Bisnis.com, JAKARTA — Indonesia membantah pihaknya secara efektif mengakui klaim China yang disengketakan di Laut Natuna Utara atau kerap disebut Laut China Selatan setelah pernyataan bersama dengan Beijing mengenai pengembangan wilayah yang diperebutkan mendapat kecaman keras.
Dikutip dari Bloomberg pada Senin (11/11/2024), kehebohan ini muncul setelah China mengeluarkan pernyataan bersama selama kunjungan Presiden Prabowo Subianto ke Beijing baru-baru ini, yang menyatakan bahwa kedua negara sepakat untuk berkolaborasi dalam inisiatif maritim dan mencapai pemahaman bersama mengenai pembangunan bersama di bidang-bidang yang memiliki klaim yang tumpang tindih.
Kementerian Luar Negeri (Kemlu) RI dalam keterangan resminya mengatakan pernyataan tersebut tidak dapat diartikan sebagai pengakuan atas klaim kontroversial "sembilan garis putus-putus" atau nine dash line yang dilakukan China.
"Kerja sama ini tidak dapat dimaknai sebagai pengakuan atas klaim '9-Dash-Lines'. Indonesia menegaskan kembali posisinya selama ini bahwa klaim tersebut tidak memiliki basis hukum internasional dan tidak sesuai dengan UNCLOS 1982. Dengan demikian, kerja sama tersebut tidak berdampak pada kedaulatan, hak berdaulat, maupun yurisdiksi Indonesia di Laut Natuna Utara," jelas Kemlu dalam keterangan resminya, Senin (11/11/2024).
Kemlu menyebut, kerja sama dengan China diharapkan dapat menjadi suatu model upaya memelihara perdamaian dan persahabatan di kawasan Laut Natuna Utara.
Selain itu, kerja sama ini diharapkan akan mencakup berbagai aspek kerja sama ekonomi, khususnya di bidang perikanan dan konservasi perikanan di Kawasan dengan berdasarkan kepada prinsip-prinsip saling menghormati dan kesetaraan.
Baca Juga
Peristiwa ini terjadi beberapa minggu setelah Badan Keamanan Laut (Bakamla) Indonesia mengatakan pihaknya mencegat dan mengusir kapal Penjaga Pantai China yang memasuki wilayah perairan negara tersebut. Meskipun Indonesia bukan pihak yang secara resmi mengajukan klaim dalam sengketa Laut Cina Selatan, Jakarta biasanya menahan diri untuk tidak mengakui klaim besar China, yang didasarkan pada peta samar tahun 1947 yang menggambarkan garis demarkasi berbentuk U.

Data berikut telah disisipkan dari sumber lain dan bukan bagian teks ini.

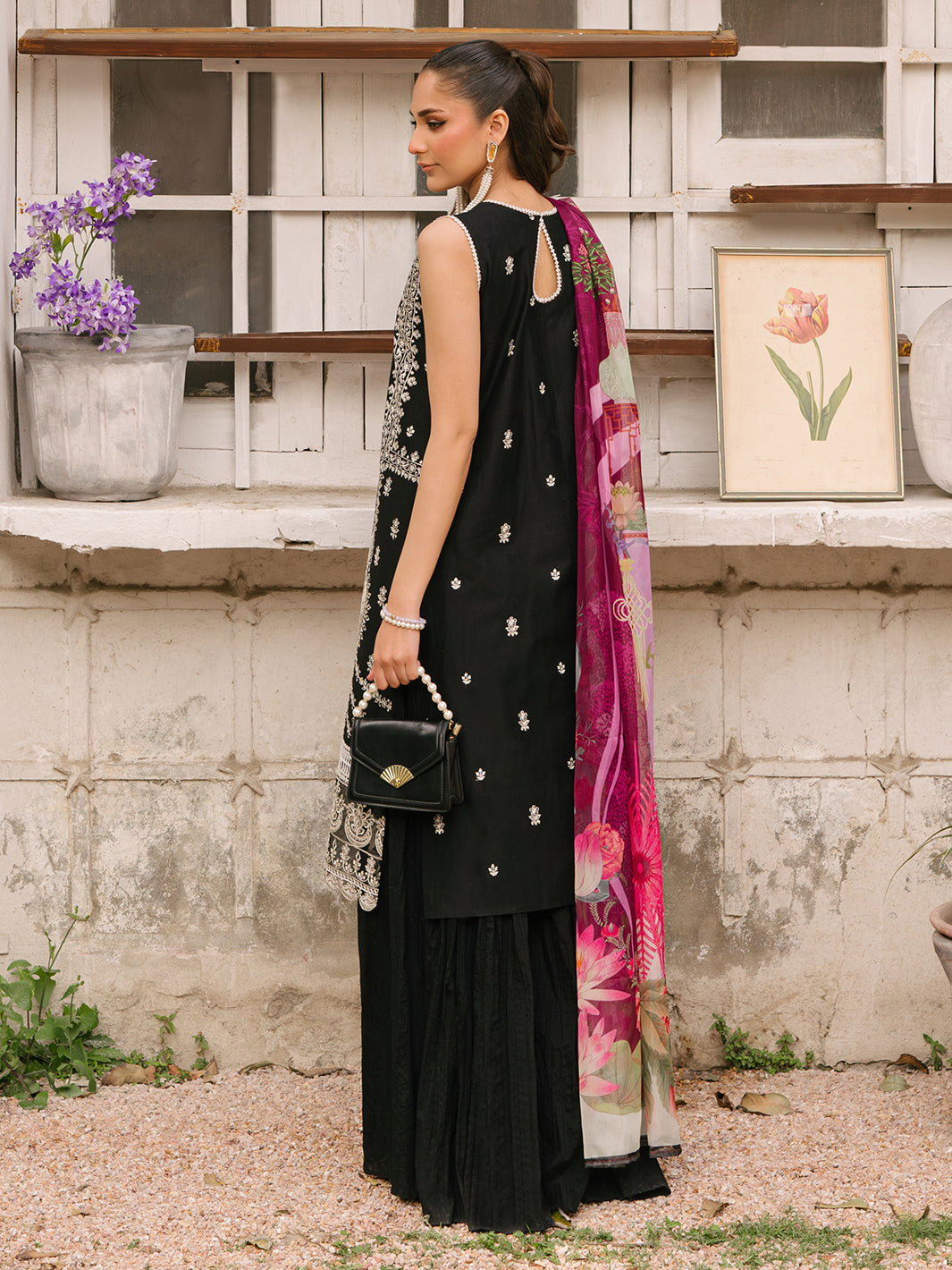 Mahnur | Masakali Luxury Lawn 24 | MK 05 - A - Saira Saqlain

Kunjungan Prabowo ke Beijing—lawatan pertamanya sejak mulai menjabat pada Oktober 2024—adalah bagian dari upaya jangka panjang untuk menyeimbangkan hubungan antara China dan Amerika Serikat.
Prabowo bertemu dengan Presiden China Xi Jinping pekan lalu dan setuju untuk bersama-sama mengembangkan perikanan dan mendorong keselamatan maritim. Perusahaan China dan Indonesia akan menandatangani perjanjian bisnis senilai total lebih dari US$10 miliar pada hari Minggu.

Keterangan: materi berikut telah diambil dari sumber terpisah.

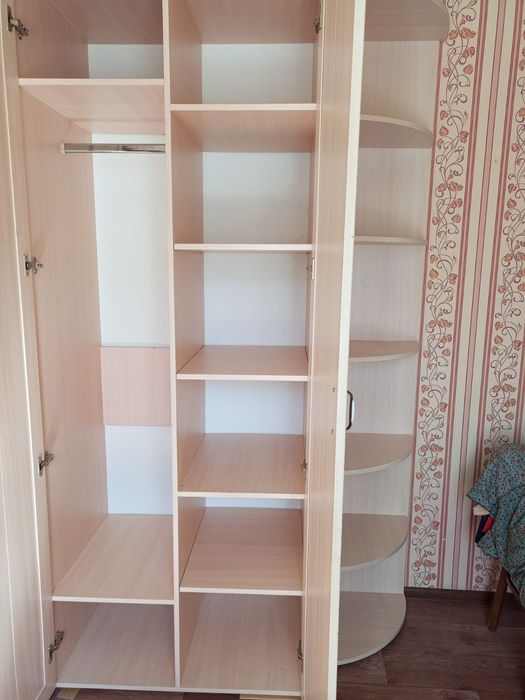 Шкаф в спальню светлый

Meskipun begitu, pernyataan bersama tersebut memicu kritik dari pejabat dan mantan pejabat Indonesia.
"Meskipun dalam format pernyataan bersama atau MOU, posisi baru Indonesia adalah tindakan unilateral yang mengikat vis-a-vis China. Dalam hal ini, Indonesia akan kesulitan mengubah posisi hukumnya karena prinsip hukum internasional," kata Eddy Pratomo, diplomat senior Indonesia dan mantan utusan khusus presiden untuk pembatasan maritim.
Bakamla mengatakan kepada parlemen pada hari Senin bahwa mereka akan bertemu dengan pejabat tinggi penjaga pantai China awal bulan depan untuk memperkuat hubungan antara kedua negara di sektor maritim.
Anggota parlemen mengatakan badan maritim tersebut perlu menerapkan perlindungan yang lebih kuat terhadap ancaman dari Tiongkok mengingat terbatasnya armada Indonesia.
"Apakah ini ujian atau apa? Sepertinya mereka mengejek kami," kata anggota parlemen oposisi Sarifah Ainun dalam sidang.
"Nelayan kami ditangkap jika mereka memasuki wilayah mereka, tapi kami hanya mengusir mereka."